The June 7 service took place on the picturesque grounds of Wake Forest University’s Wait Chapel in Winston Salem (where she taught as a professor). Amid tight security, guests ranging from family to dignitaries like legendary actress Cicely Tyson, former UN Ambassador Andrew Young, talk show host Oprah Winfrey, First Lady of the United States, Michelle Obama and former President Bill Clinton were in attendance at the private service. The event exhibited class, refinement and distinction exemplary of the woman whose persona captivated the heart, mind and soul of humanity.

“I can tell you that every emotion known to man was exhibited by Maya. She held nothing. She spoke her mind no matter what the situation was,” said longtime friend and legendary actress Cicely Tyson. She recounted the time she and Dr. Angelou first met in 1960.

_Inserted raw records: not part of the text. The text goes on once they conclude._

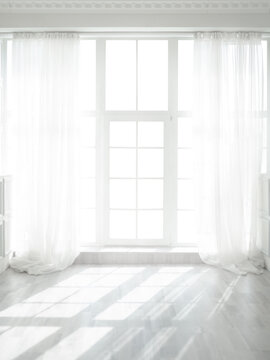 Backlit window with white curtains in empty room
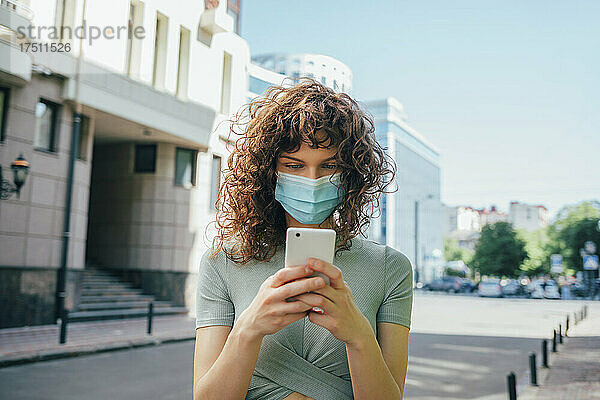 Frau trägt Schutzmaske und benutzt Smartphone in der Stadt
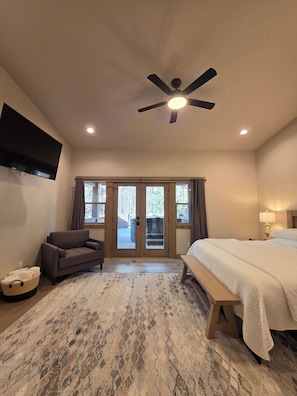 A hotel room with a bed, a chair, a television, a ceiling fan, and a view through the glass doors.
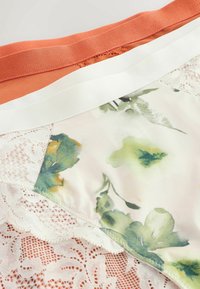 Monivärinen kukkakuvioinen kangas, jossa vihreitä ja keltaisia yksityiskohtia, yhdistettynä oranssiin osioon ja valkoiseen pitsireunaan reunoilla.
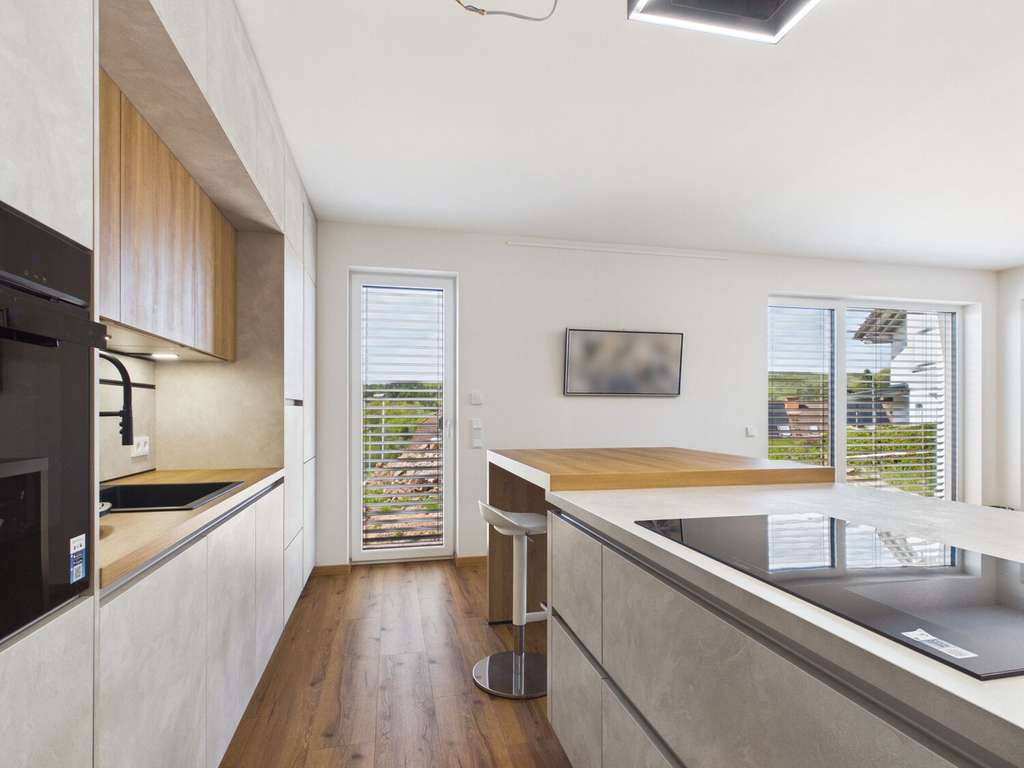 Immobilie in Oberthulba - A+ Einfamilienhaus mit großzügigem Platzangebot und Studio mit separatem Eingang - BJ 2025 - Bild 1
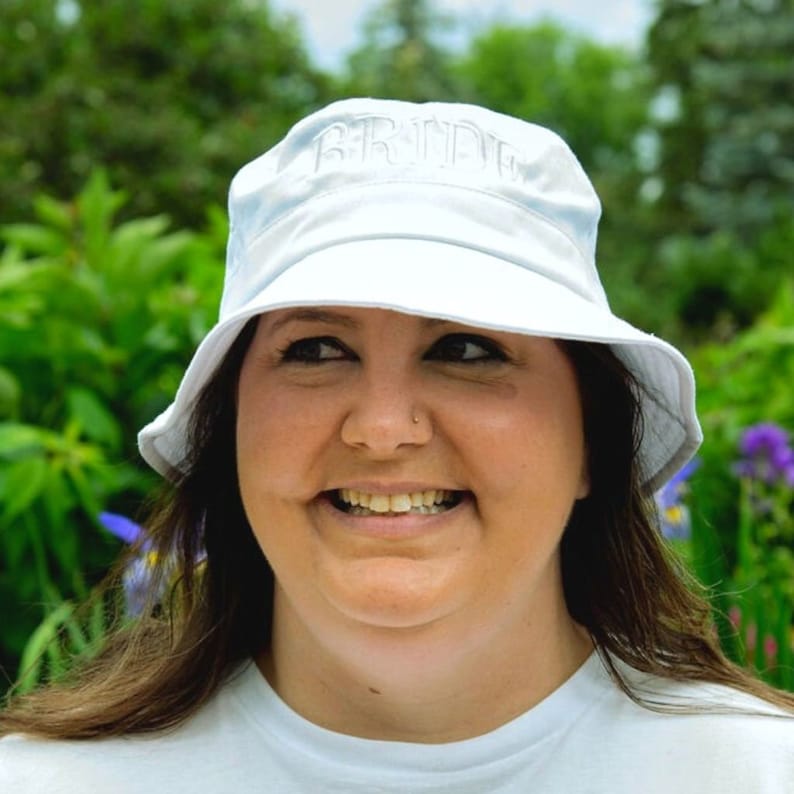 May include: A white bucket hat with the word "BRIDE" embroidered on the front. The hat is worn by a person with dark hair and a smiling face.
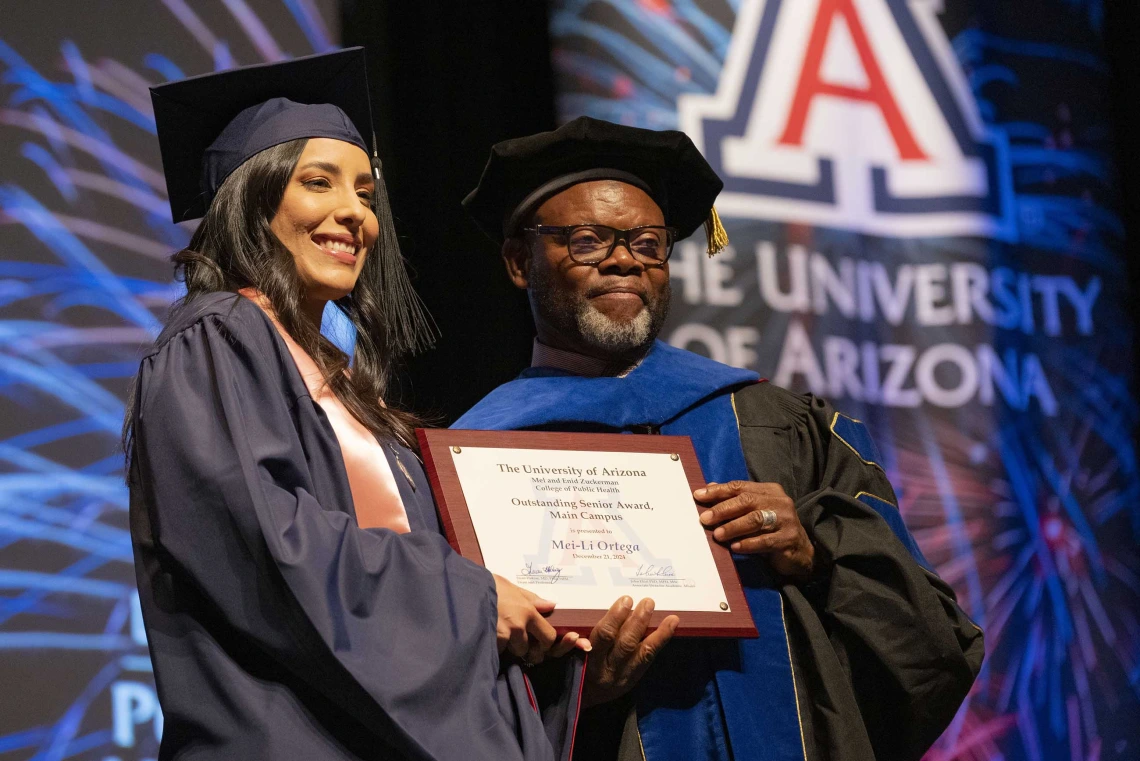 A student and a professor wearing graduation regalia stand next to each other, smiling and holding a certificate.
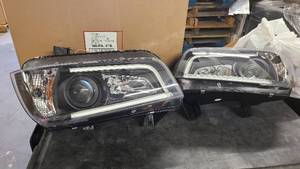 2 Spyder brand headlights new in box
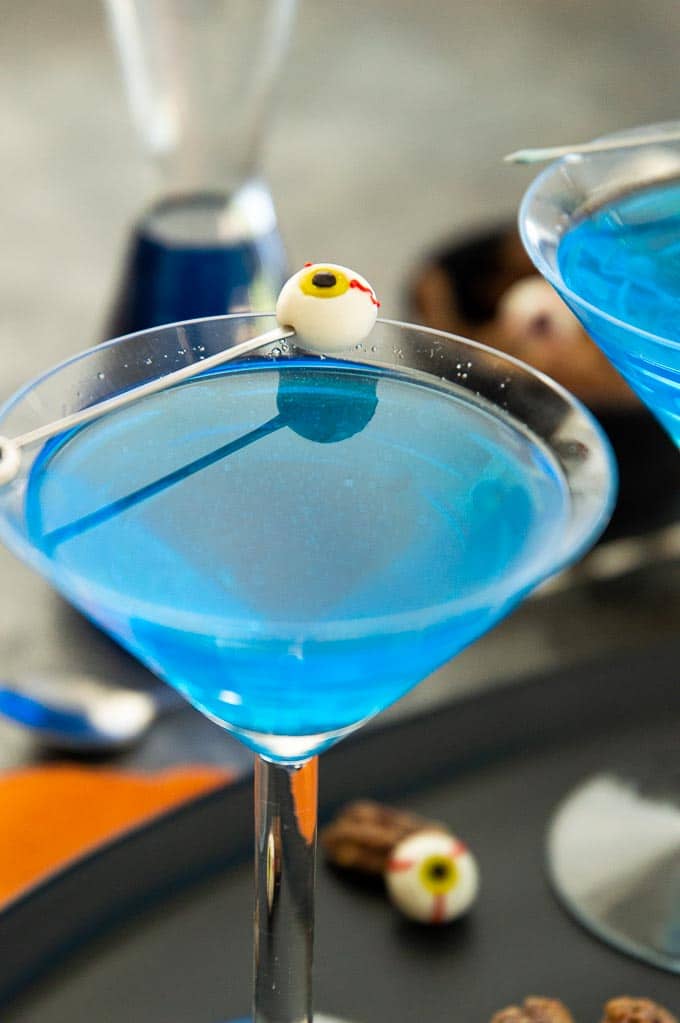 Bright Blue Ghouls Blood Cocktail in martini galss with an eyeball "olive"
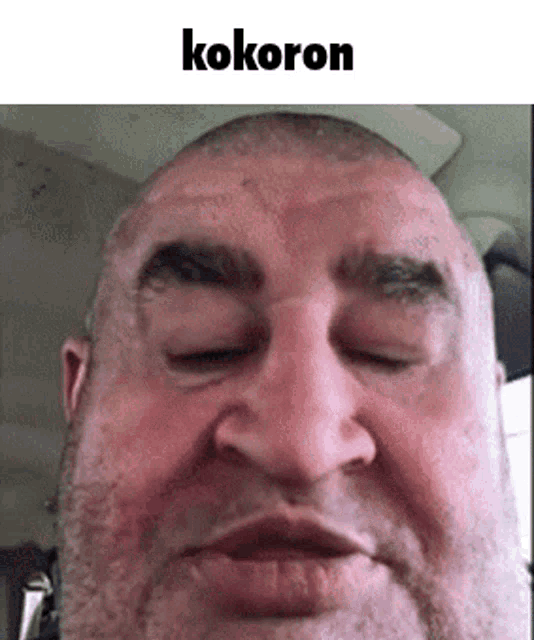 a close up of a man 's face with his eyes closed and the word kokoron written above him .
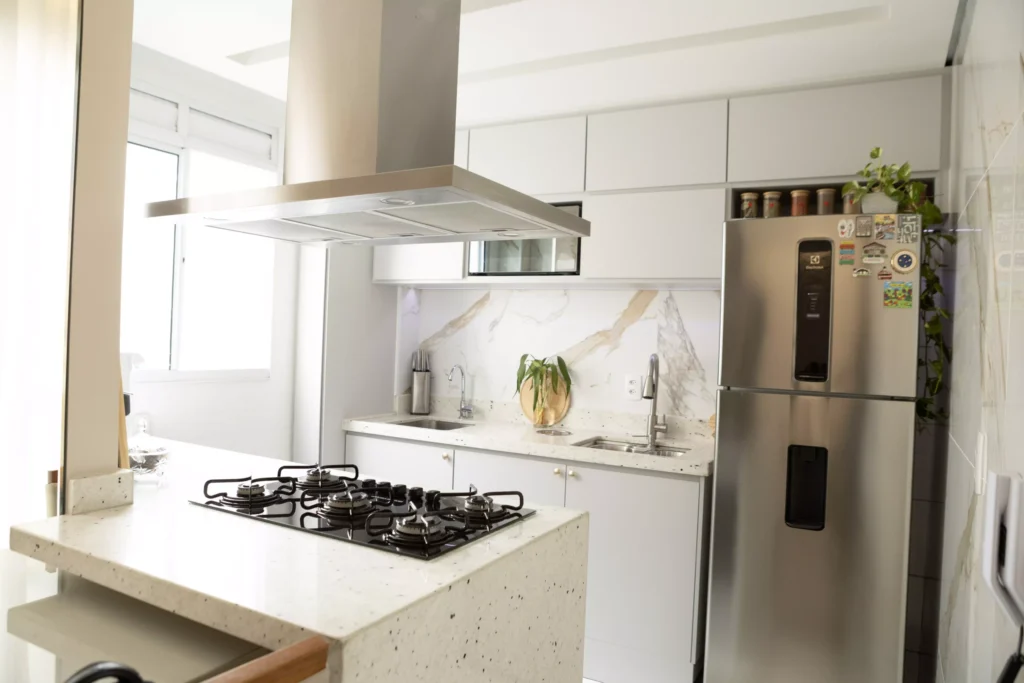 Cozinha moderna e elegante com pia de mármore, fogão de quatro bocas, geladeira de inox, iluminação natural e ambiente perfeito para comprar juntos um imóvel.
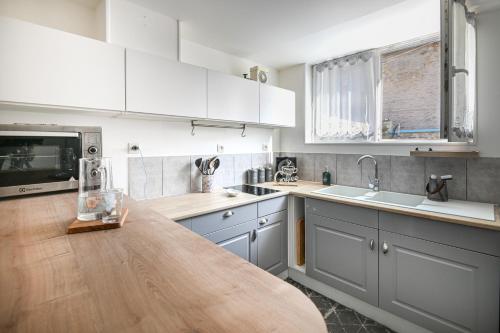 une cuisine avec des armoires blanches et un comptoir en bois dans l'établissement L'échappatoire - A 300 m de la plage, à Bernières-sur-Mer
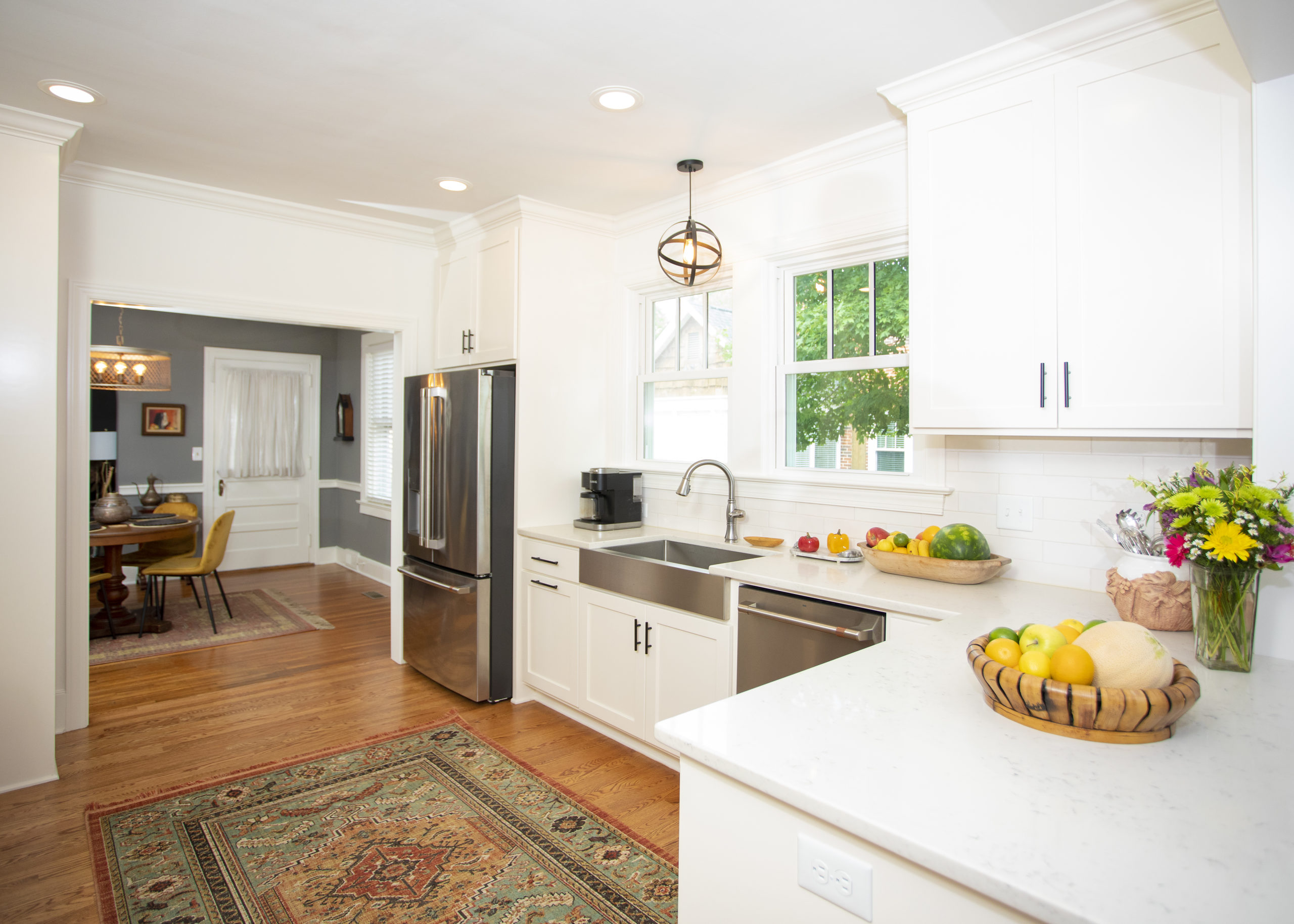 White kitchen nook with a farmhouse sink at the window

Holding back tears Ms. Tyson ended her heartfelt remarks saying, “It’s a tie that will never be broken. I will always love you.”

Mr. Clinton spoke to the power Dr. Angelou commanded with her voice, “She was without a voice for 5 years and then she developed the greatest voice on the planet. God loaned her His voice. She had the voice of God.”


Oprah Winfrey, paid homage to her mentor saying, “I am here today to say thank you. To acknowledge, to you all and the world, how powerful one life can be.” Ms. Winfrey continued, “She was my spiritual queen mother and everything that word implies. She was the ultimate teacher.”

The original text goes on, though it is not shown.